Graveyards and Crypts

Two Days in London – Friday Aside

Of Crypts & Graveyards

I am intrigued by the notion of crypts. St. Paul’s was the first crypt I was to visit this trip, and it feels somewhat awkward to me to be standing and walking over the long tombstones marking the burial places of saints and sinners long since past. I was aware of, and somewhat disturbed, by the inequity shown to those who have died and been buried there: some crypts and memorial plaques along the walls are clearly off-limits so as not to be damaged or defaced; but innumerable tombstones are being worn away by the shoes of countless visitors just like me. (It’s even creepier when you stop to think that these are the final resting places of others’ human remains!)

St. Paul’s was the second burial place I visited in London. On Thursday, after settling into my hotel in the afternoon and not wanting to journey too far because of the minimal amount of sleep I had had due to the overnight flight, I wandered around Upper Tooting until I came to the churchyard of St. Nicholas. There was an expansive cemetary surrounding the church. Where in Arizona we would have parking, sidewalks, landscaping, and open space, here in the churchyard there were graves upon graves. (There was one smack dab at the bottom of a stairway! I had to wonder if the person buried there had some emotional attachment to the stairs… or had, perhaps, fallen down them!)

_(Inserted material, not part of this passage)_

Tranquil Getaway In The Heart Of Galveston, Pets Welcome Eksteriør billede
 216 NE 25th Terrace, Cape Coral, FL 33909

Considering the length of London’s history, the densely packed population it has supported for generations (I saw a centuries old map of London that actually color-coded the wealth/class of residents!), and its functionally land-locked status, I shouldn’t be surprised at the number of graveyards and crypts. Or the protected status of many of them by the City itself! In addition to St. Paul’s Crypt, I also discovered myself walking over the final resting places of many good Methodists at Wesley’s Chapel – because the Museum and Bookstore are located directly atop them! With space at such a premium, it seems both practical and necessary for space beneath church buildings to be used for crypts. Still, walking in them just feels… weird

I also (briefly) visited Bunhill Fields, a Dissenter’s graveyard. Because it is in Islington and not London proper, when in use Bunhill Fields was outside the city limits, since none of the Dissenters were legally allowed to be buried within the walls of Town. (Since that time one of the Lord Mayors of London had the cemetary encircled with walls.) I discovered that this is where Susanna Wesley is buried (along with other well-known Dissenters such as Paul Bunyon, William Blake, Daniel Defoe, and several others), with her gravestone visible from the window of Wesley’s study across the road.
In years past, worshiping in congregations in the Midwest or visiting those in the East, I always found the numerous memorial plaques strange. They are not as much of a custom out in the West. However, I think they might be a vestigial trace of the greater memorials that exist in older churches and cathedrals. At St. Paul’s, St. Nicholas, and even Wesley Chapel sculpted effigies, large memorial plagues, and gravestones abound. Like the stone forget-me-nots that bloom in graveyards and memorial gardens, these bear sentiments declaring the good works and familial love of generations past.
I need to go back and review my Journal from my visit to Westminster Abbey in 1997 (and may post an excerpt later); but I wonder if I reflected then on there being a very real sense of “the communion of saints” when one is surrounded both by the likenesses and memorials about the previously departed. Perhaps when worshiping in such a surrounding, one does not notice. But, just as reading Wesley’s sermons or Journal strike a chord in me, reminding me of the driven and passionate faith of those who have come before, I wonder if being in their midst regularly would also instill that sense of carrying a flame that has been burning for so long.